/mlflow-postgres-minio

Automatic setup and deploy a MLflow server

Primary LanguagePython

MLflow Server Automatic Setup

Short description


Automatic setup and deploy a MLflow server. This includes:

  • A MLflow server
  • A Postgres database to store MLflow metadata, such as:
    • experiment data;
    • run data;
    • model registry data.
  • Minio, an open-source object storage system, to store and retrieve large files, such as:
    • model artifacts;
    • data sets.

Pre-requisites


Ubuntu with the following installed:

You could use WSL2 on a Windows machine, as an alternative to an Ubuntu machine.

Setup your machine (local or remote server)


1. Install pyenv

Pyenv is used with MLflow to manage different Python versions and packages in isolated environments.

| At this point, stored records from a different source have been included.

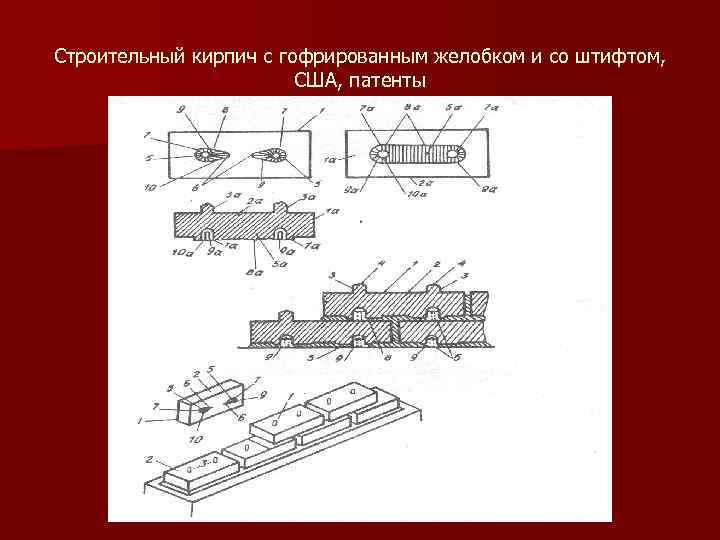 Строительный кирпич с гофрированным желобком и со штифтом, США, патенты 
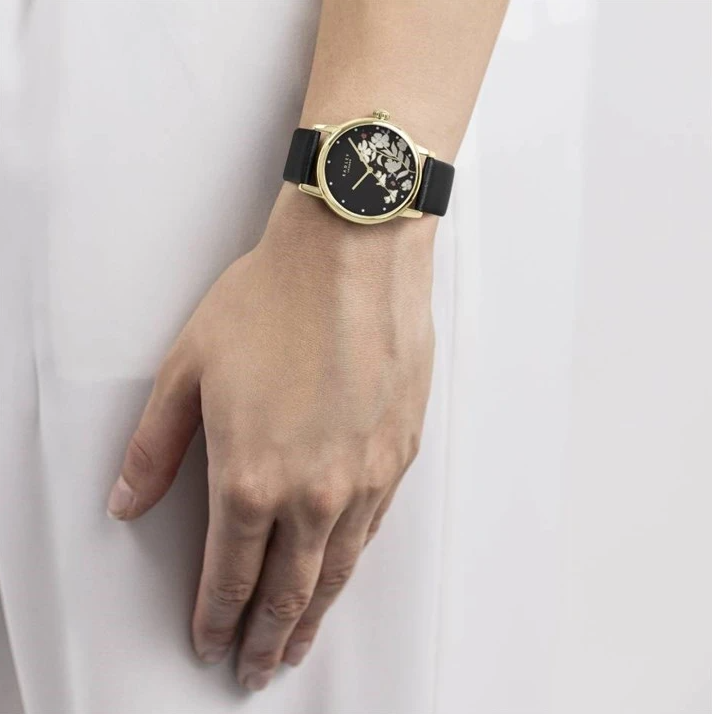 Black Strap Watch, Earrings And Trinket Tray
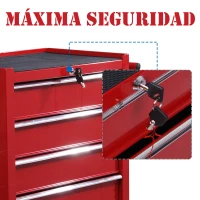 HOMCOM Carro caja de herramientas taller movil con 5 cajones 4 ruedas chapa de Acero Rojo(m-4)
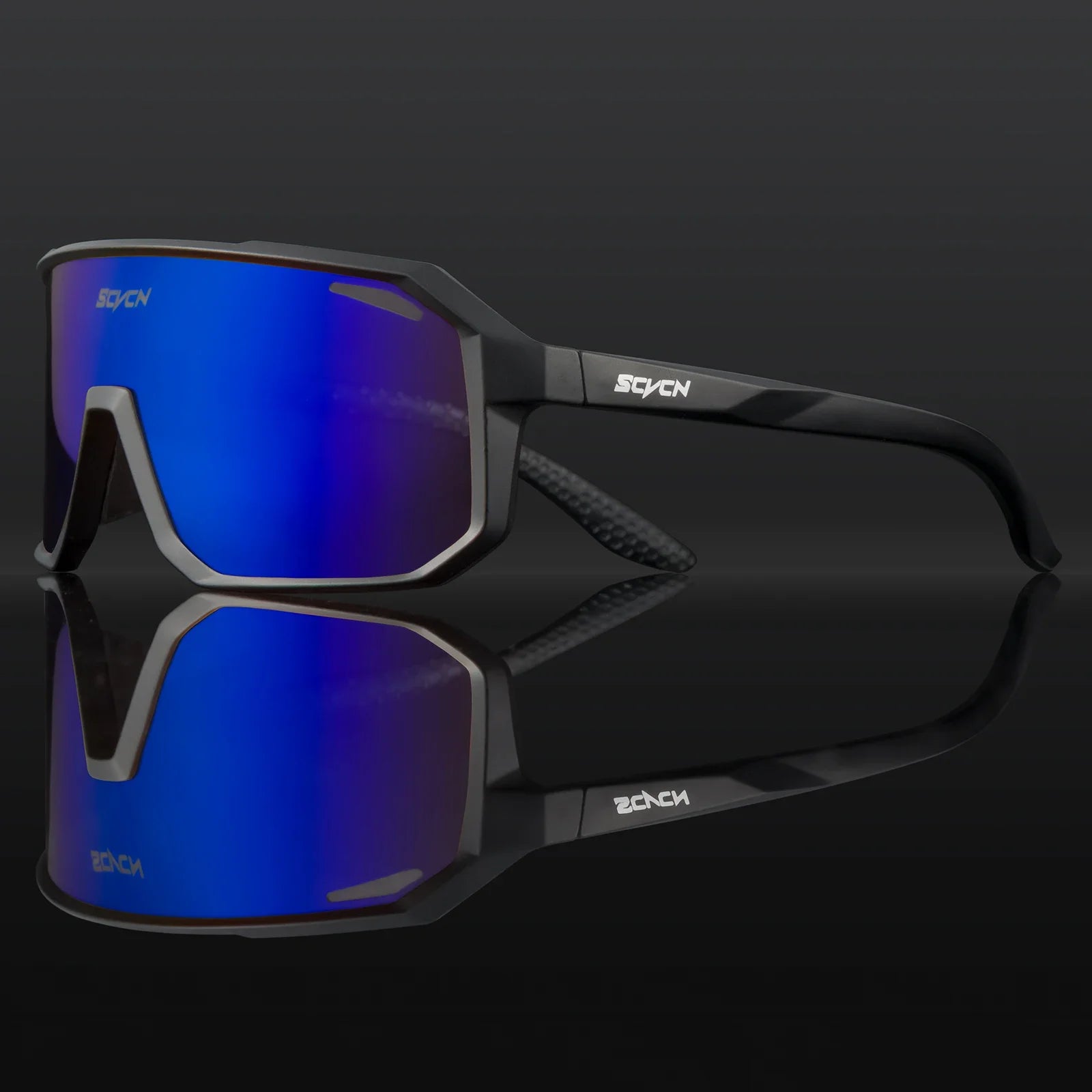 SVCVN black frame cycling sunglasses with blue mirror lens providing clear vision and UV protection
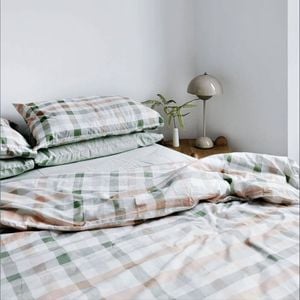 Bulbul Home 250tc Organic Cotton Quilt Bedding Cover Desert Plaid Queen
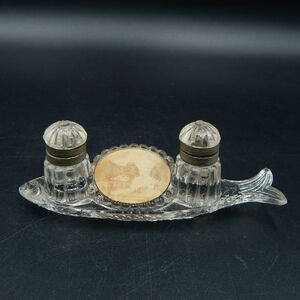 Vintage Glass Fish Shape Rotterdam Center Double Inkwells Lidded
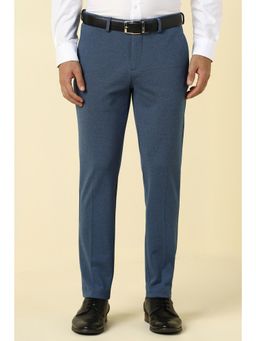 Allen Solly - Men Blue Textured Formal Trousers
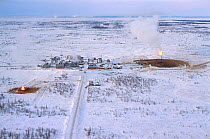 Aerial view of gas fields near Noviy Urengoy. Western Siberia, Russia, 2000.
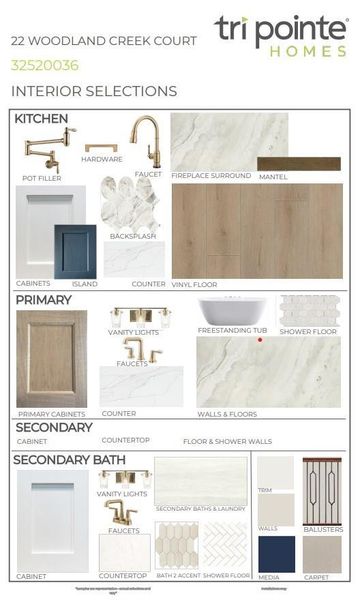 Sample of building materials used in homes in The Estates at James Lane, Fulshear (Image 22).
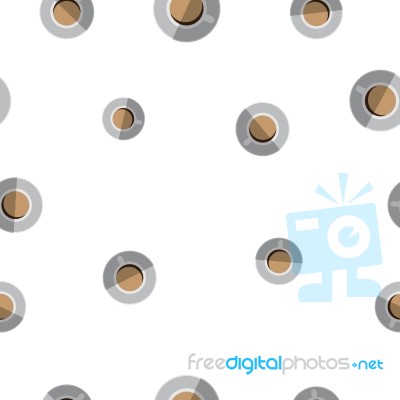 Seamless Pattern With Coffee Cup Top View  Illustration Stock Image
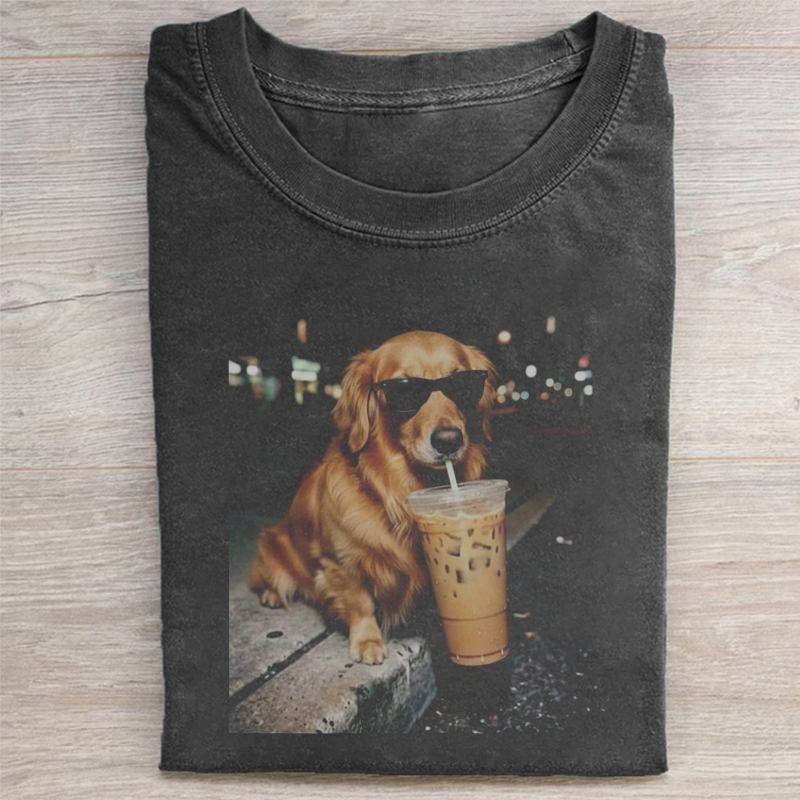 Funny Golden Retriever Drinking Iced Coffee T-shirt-NaturexCraft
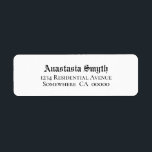 ヴィンテージブラック文字結婚住所 シール<br><div class="desc">スタイリッシュヴィンテージシンプル文字差出人住所ラベルを使っ結婚て文房具。</div>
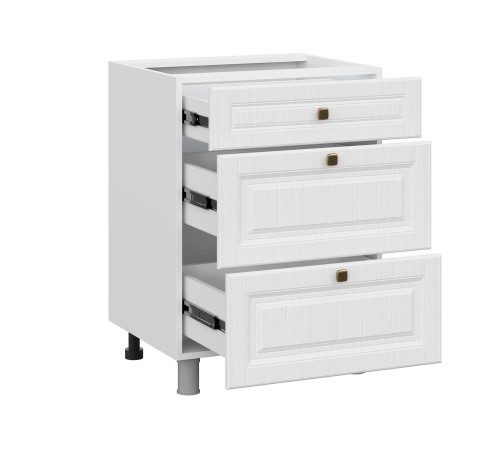 Прованс Стол 3 ящ 60х82,4 см, белый/белый текстурный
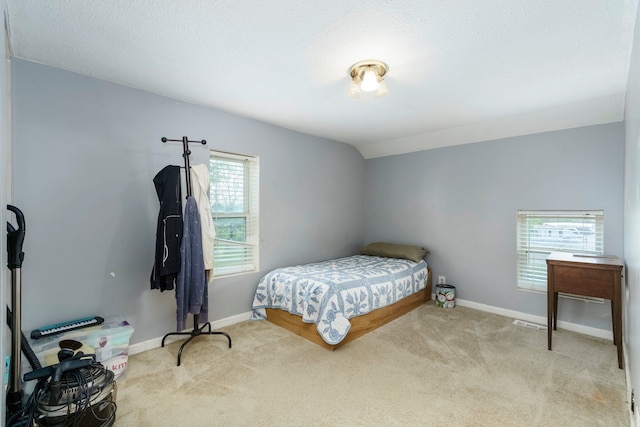 carpeted bedroom with baseboards and lofted ceiling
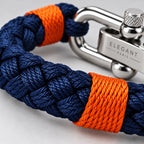 Bracelet Nautique Homme – Bleu Marine & Orange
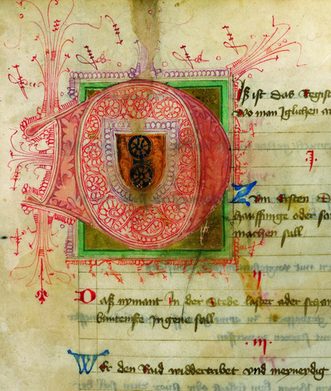 Inititale aus dem Mainzer Friedebuch 1435-1455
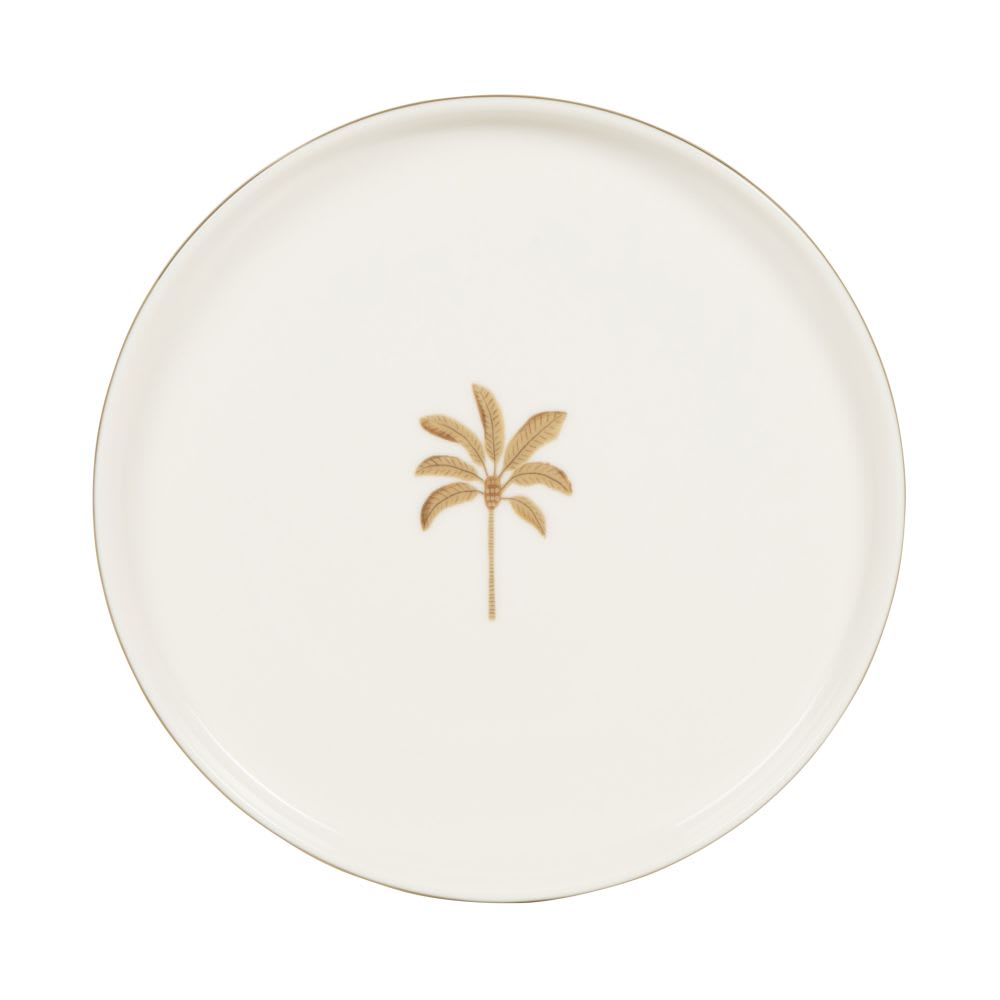 Assiette à dessert en porcelaine beige motif palmier doré Assiette à dessert en porcelaine beige motif palmier doré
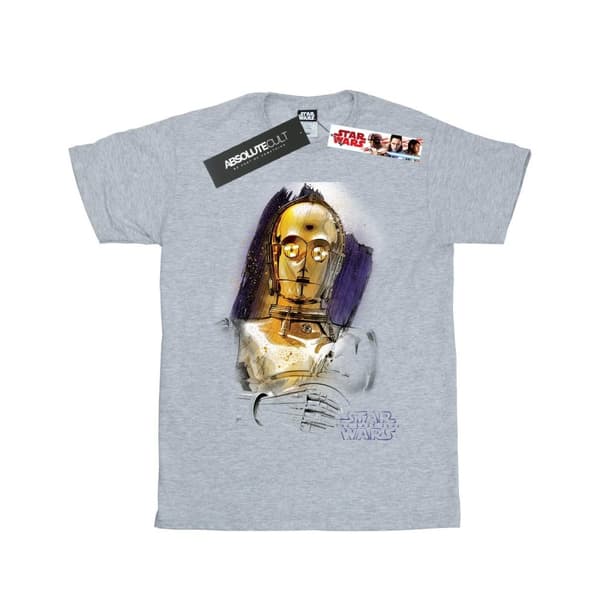 Star Wars C-3PO T-shirt i borstad bomull från De sista jediriddarna Sports Grey 9-11 Years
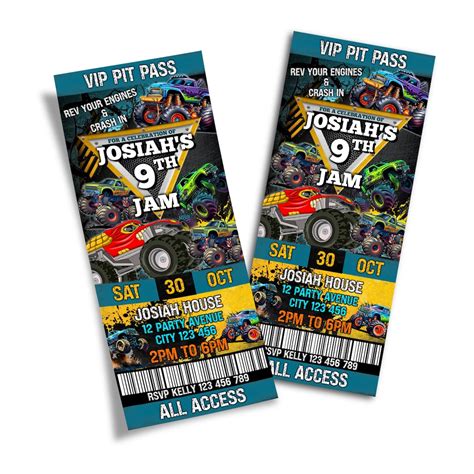 Monster Jam Ticket Invitation Template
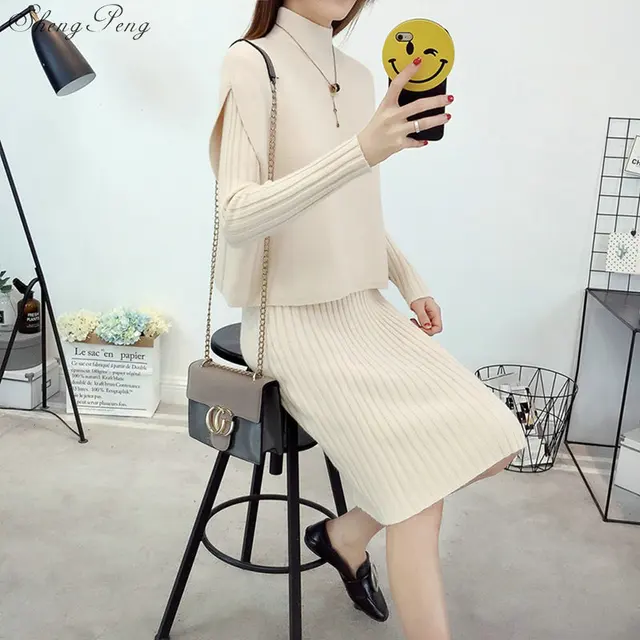 Cheap 2018 Autumn Womans Sweater + Dress Sets Solid Color Female Casual Two-Pieces Suits Loose Sweater Knit Mini Dress Winter V1204 Cheap 2018 Autumn Womans Sweater + Dress Sets Solid Color Female Casual Two-Pieces Suits Loose Sweater Knit Mini Dress Winter V1204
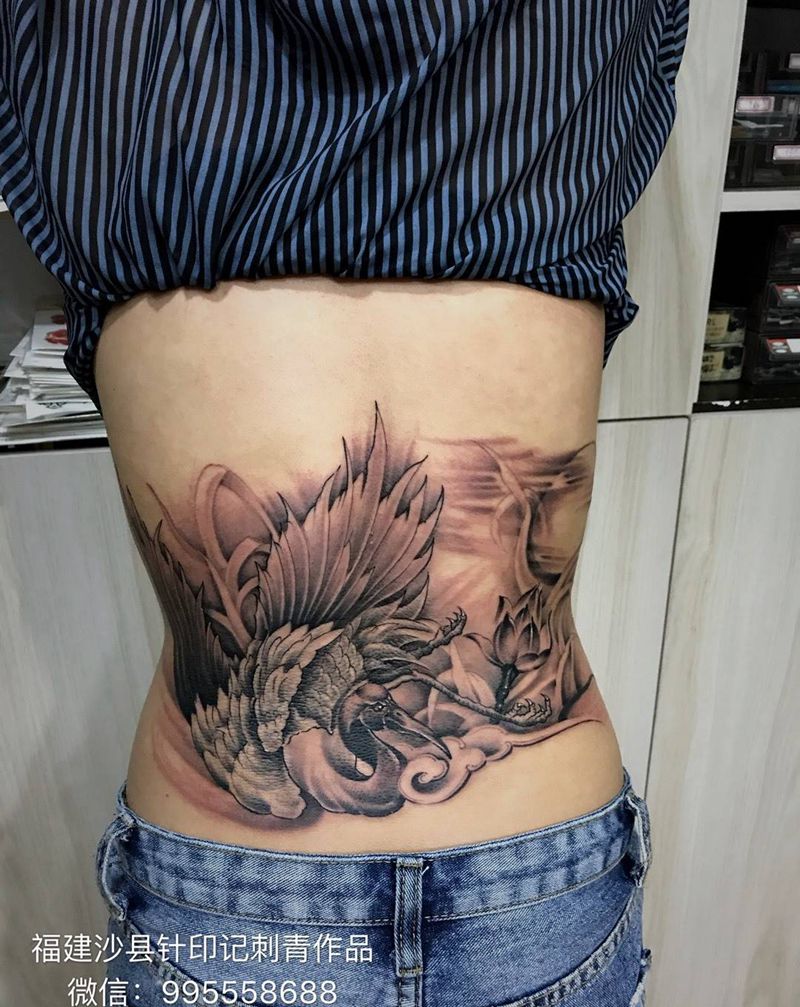 鹤纹身图片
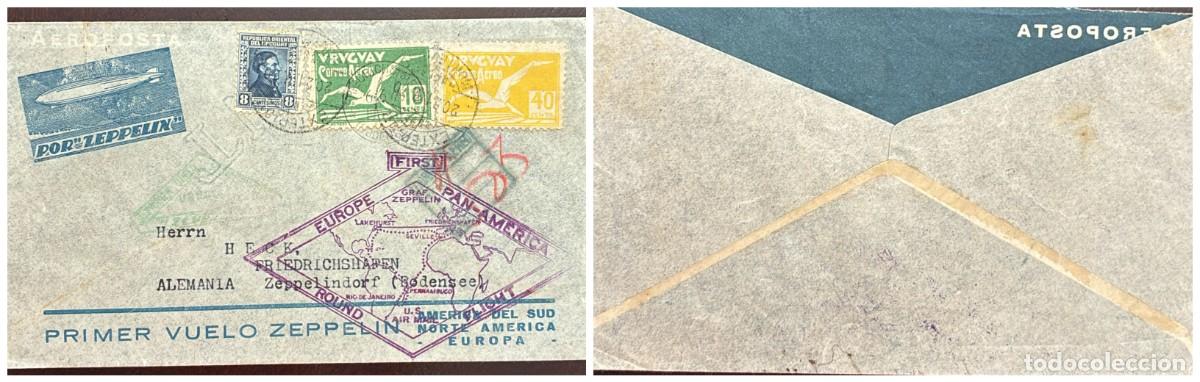 Sellos: O) 1926 circa, URUGUAY, , POR ZEPPELIN - FIRST FLIGHT BY ZEPPELIN, EUROPE, PAN - AMERICA, BODENSEE,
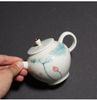 Ấm trà sứ vẽ tay, hoa sen tinh khiết, ấm trà nhỏ, gốm sứ gia dụng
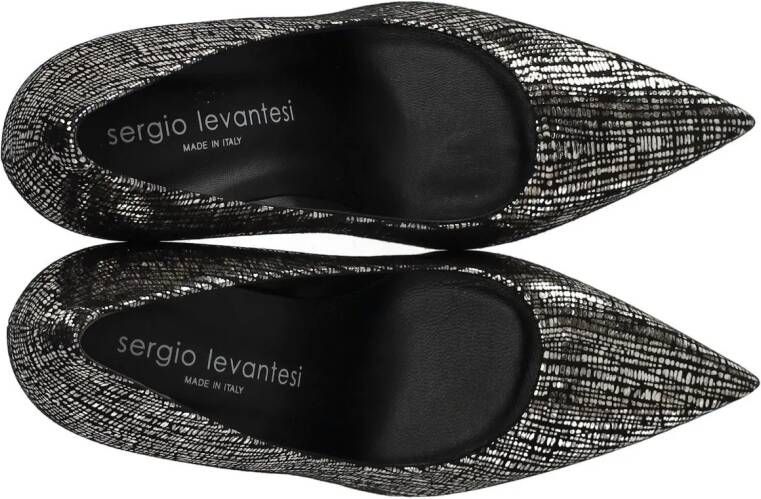 Sergio Levantesi Hoge hakken Musa Black Silver Pump in zwart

  • Remove previous installations (optional):
    rm -rf ~/.pyenv
  • Install any necessary package:
    sudo apt-get update -y
    sudo apt-get install -y make build-essential libssl-dev zlib1g-dev libbz2-dev libreadline-dev libsqlite3-dev wget curl llvm libncursesw5-dev xz-utils tk-dev libxml2-dev libxmlsec1-dev libffi-dev liblzma-dev
  • Automatic install pyenv:
    curl https://pyenv.run | bash
  • Edit the ~/.bashrc file to recognize pyenv
    sudo nano ~/.bashrc
  • And copy/paste the following line into the end of the file:
    # Config for PyEnv
    export PYENV_ROOT="$HOME/.pyenv"
    export PATH="$PYENV_ROOT/bin:$PATH"
    eval "$(pyenv init --path)"
  • Save/close (Crtl-X > y > Enter), and then refresh the ~/.bashrc file:
    source ~/.bashrc

2. Create an MLflow environment:

  • Create and activate your MLflow experiment environment:
    conda create -n mlflow_env python=3.10
    conda activate mlflow_env
    pip install pandas scikit-learn mlflow[extras]
  • Add these to the environment; edit to your own preferred secrets:
    export AWS_ACCESS_KEY_ID=minio
    export AWS_SECRET_ACCESS_KEY=minio123
    export MLFLOW_S3_ENDPOINT_URL=http://localhost:9000

3. Launch Docker Containers

  • Clone this repo and navigate inside:

    git clone https://github.com/pandego/mlflow-postgres-minio.git
    cd ./mlflow-postgres-minio
  • Edit default.env to your own preferred secrets:

  • Launch the docker-compose command to build and start all containers needed for the MLflow service:

    docker compose --env-file default.env up -d --build
  • Give it a few minutes and once docker-compose is finished, check the containers health:

    docker ps
  • You should see something like this:

    Healthy Containers

  • You should also be able to navigate to:

That's it! 🥳 You can now start using MLflow!

Run a MLflow Pipeline


1. Train and register a ML model

  • From your previously created MLflow environment, mlflow_env, simply run the example provided in this repo:
    python ./wine_quality_example/wine_quality_example.py

2. Serve the previously trained model

Option 1: Use a local conda environment with mlflow

  • From your previously created MLflow environment, mlflow_env, serve the model by running the following command, replacing the <full_path> for your own:

    mlflow models serve -m <full_path> -h 127.0.0.1 -p 1234 --timeout 0 

    You just have to replace <full_path> by the full path to your model artifact as provided in the MLFlow web UI.
    Full Path in MLflow

  • Let it run, it should look like this:

    Model Serve Output

Option 2: Build and Run a containerized API

Mlflow also allows you to build a dockerized API based on a model stored in one of your runs.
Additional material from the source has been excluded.